Writing, the author seems to suggest, is about giving voice to the countless people living a zombie-like existence – far too many hours spent on back-breaking, monotonous labour, living in crushing poverty, nothing to look forward to except an often violent death. In such a brutal existence, we have to grab what fleeting joys we can, as the final paragraph indicates:
Just don’t delude yourself you’re safe. Anything can happen. Life is a treacherous quicksand with no guarantee of safety anywhere. We can only try to grab what happiness we can before we are swept off into oblivion.
Yet, although I understood these sentiments, I was somewhat disappointed with this early work of Head’s. This is very much an apprenticeship work, full of clunky expressions. I also struggled with the characters’ motivations. I found Johnny rude to the point of being aggressive, Mouse far too passive and bland (living up to her nickname), the dialogue often too stilted and the reactions of the newspaper colleagues too over the top. Bessie Head went on to write far more subtly and poetically, but as a historical curiosity, one of the few pieces of fiction she wrote while still in South Africa, and as an example of her evolving craft, it remains nevertheless an interesting work.
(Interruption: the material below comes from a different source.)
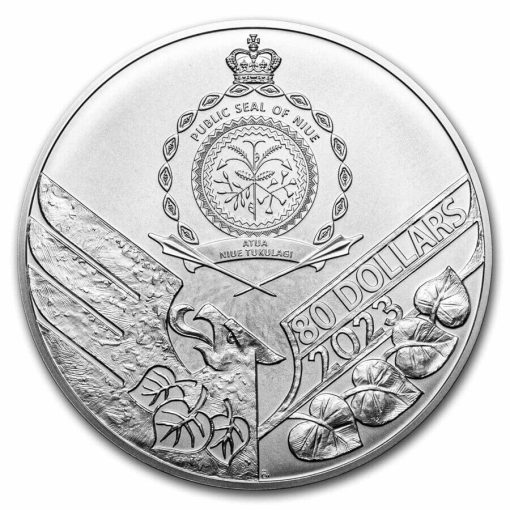 2023 (New) Niue Czech Lion Silver 1 Kilogram Coin - Image 2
9 thoughts on “#NovNov: Bessie Head – The Cardinals”
An interesting review, perhaps Bessie wrote it to explore her writing and thoughts and would not have wanted it published. It is hard to imagine what it is like to not belong anywhere.
I did think that maybe she was not happy enough with it to consider publishing it.
I can see what you mean about the work’s weaknesses, Marina Sofia. But what an interesting perspective, and an interesting way to comment on the her society. You make a well-taken point, too, that this was early in her career. I wonder if we are more forgiving of authors’ earlier works than of their later work?
Now that’s an interesting point, Margot: I know quite a few writers who seem to have declined with age (Handke, for example), where you wish they had stopped writing in time! But yes, earlier works tend to be the ones where they are still learning their craft, so we are usually more forgiving.
I sense your ambivalence here, Marina, and although I can see the comparison she’s making between the two kind of forbidden relationships, it does sound a little heavy handed. And good point about whether the author would be happy with the book’s eventual publication – we clamour for posthumously released material, but don’t always respect the author’s wishes…
I think Jane Austen or the Brontes would have been devastated to see their juvenilia published, but we are always hungry for more, aren’t we? As long as we are not judging a writer’s whole work by these posthumous publications, I suppose it’s not too bad. But perhaps more of a thing for completists of that writer’s work.
This sounds quite heavy-going. I’d like to read Bessie Head but maybe not start here, as you explain it’s not here strongest work.